Recover a VM from the vm–flat.vmdk file

Last week I was onsite with a new customer, spending some time familiarizing myself with their existing infrastructure.  They are running vSphere 4.1 on Dell servers and EqualLogic storage.  While the hardware layout was solid and installed well, it quickly became apparent that the SysAdmin was a duck out of water.  There was a knowledge and comfort gap that could cause problems down the road if he became careless.  Little did I know that ‘down the road’ would be 2 hours later.

As the next few hours progressed, I found that he was using BackupExec agents within his critical business applications (2 VMs) and backing up directly.  The rest of his VMs were unprotected other than EqualLogic snapshots.   I pointed out to him that his snapshot schedule created one snapshot per hour, keeping 12 snapshots.  This protected him for less than one day.  He was at significant risk, and I recommended a more aggressive snapshot schedule as well as a more comprehensive backup plan.

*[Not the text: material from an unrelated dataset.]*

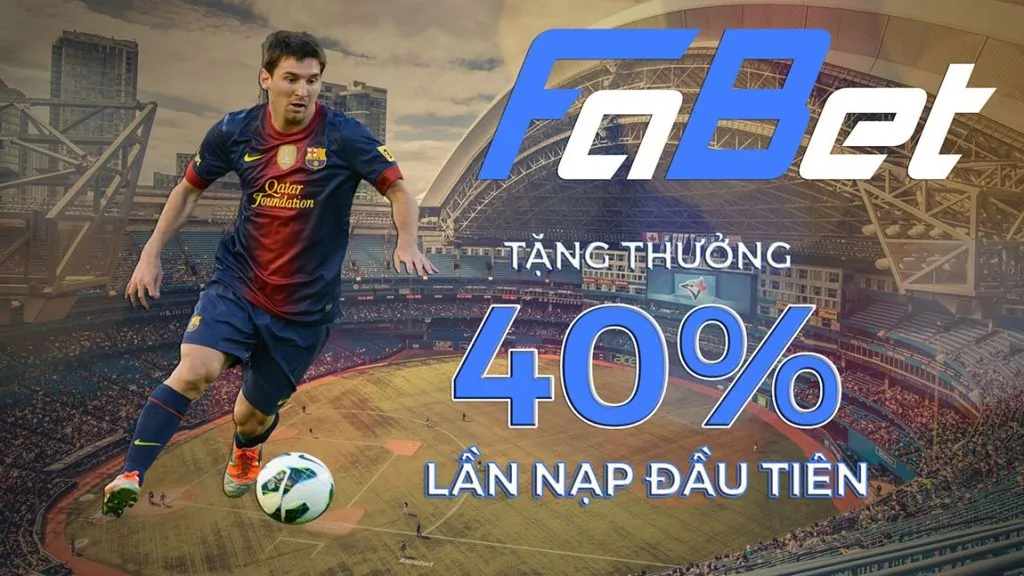 Nền tảng cá cược an toàn tại f16807 nhà cái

We covered several other topics over the next few hours such as vMotion, Storage vMotion, and basic VM operations.  As I prepared to leave, he decided to perform a few Storage vMotion operations on VMs he had renamed, causing mismatched folder names within the datastore .  One of them happened to be his Domain Controller, which I will call ‘MismatchDC”.  When he tried to migrate to another datastore, vCenter threw an error stating that “the file mismatchDC-vmdk could not be found” and shut down the VM.  Within minutes, his phone was exploding with calls.  Nobody could login or get Exchange email.  He had pooched his Domain Controller.

While panic set in around his office and he was scrambling around, I opened up a datastore browser and was shocked.  Apparently the SysAdmin had deleted some ‘unnecessary files’, such as the VMX, VMDK, and everything else except the NVRAM and mismatchDC-flat.VMDK file!  These remained simply because they wouldn’t delete when he tried to delete them.

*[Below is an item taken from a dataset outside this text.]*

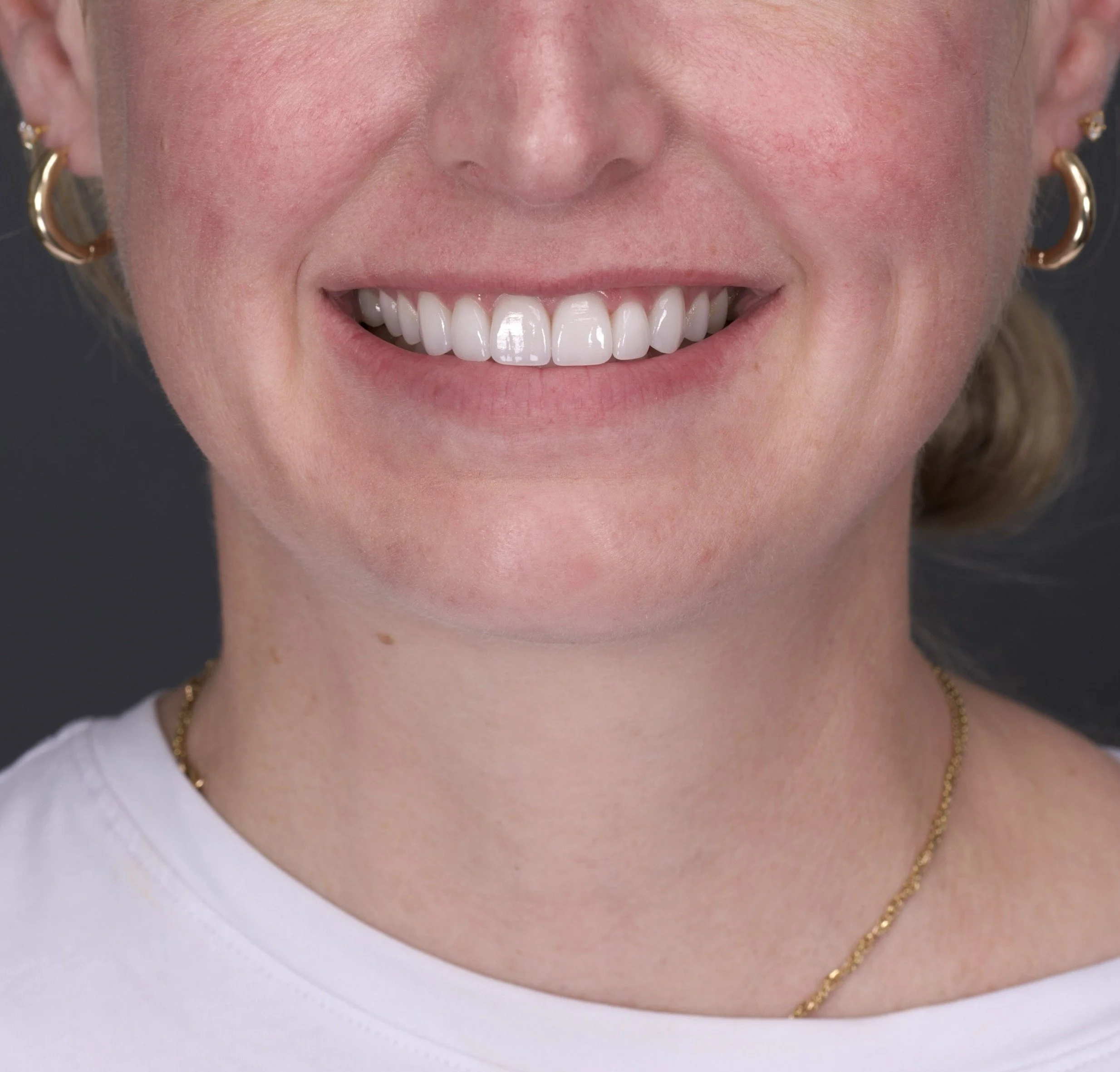 Screenshot 2026-01-15 at 2.41.27 PM.jpg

A quick check of the EqualLogic snapshots determined that he deleted these more than a day ago and they were not available, I also found that the Domain Controller was not on the list of ‘critical servers’ that they were protecting with BackupExec agents.  There was no way to restore this VM!  He started making plans to build a new VM s a DC, run DCPROMO, and sync across the WAN from his second site on the other side of the country.

As he was making his recovery plans and trying to explain to his boss how they would be down for the rest of the day, I recalled that I had read a KB article a while ago about recovering from a flat.vmdk file.  After a quick collaboration with my friend Google, I found it.  While it didn’t exactly fit my needs, it was enough to get rolling.  I took the size of the flat.vmdk file, divided by 1024, and divided by 1024 again to get the size of the VMDK in GB.  Luckily it came out to 25 on the nose.  Assuming that it was Win 2k3 server with a 25 GB drive, and the SysAdmin verified this from memory, I created a new VM called Temp as a Win2k3 server with 1 vCPU, 2 GB RAM, and a 25 GB HDD.

I enabled remote SSH, and logged in via Putty.  I went to the mismatchDC folder to verify contents.

cd /vmfs/volumes/vmfs01/mismatchDC/

I was correct in finding only the mismatchDC.nvram and mismatchDC-flat.vmdk files there.  I then moved over to the Temp VM location.

cd ../temp/

and found the temp-flat.vmdk file.  I renamed this to prevent it from being overwritten.

mv temp-flat.vmdk temp-flat.vmdk.old

Next, I copied over the original flat file and renamed it temp-flat.vmdk

cp /vmfs/volumes/vmfs01/mismatchDC/mismatchDC-flat.vmdk temp-flat.vmdk

When finished, I simply attempted to start the Temp VM.

As it started up, I saw the familiar Windows 2003 server splash screen, and called the SysAdmin over to verify that it was working.

After a few minutes of evaluation, it was proven that the Domain Controller was back up and running with less than an hour of data loss.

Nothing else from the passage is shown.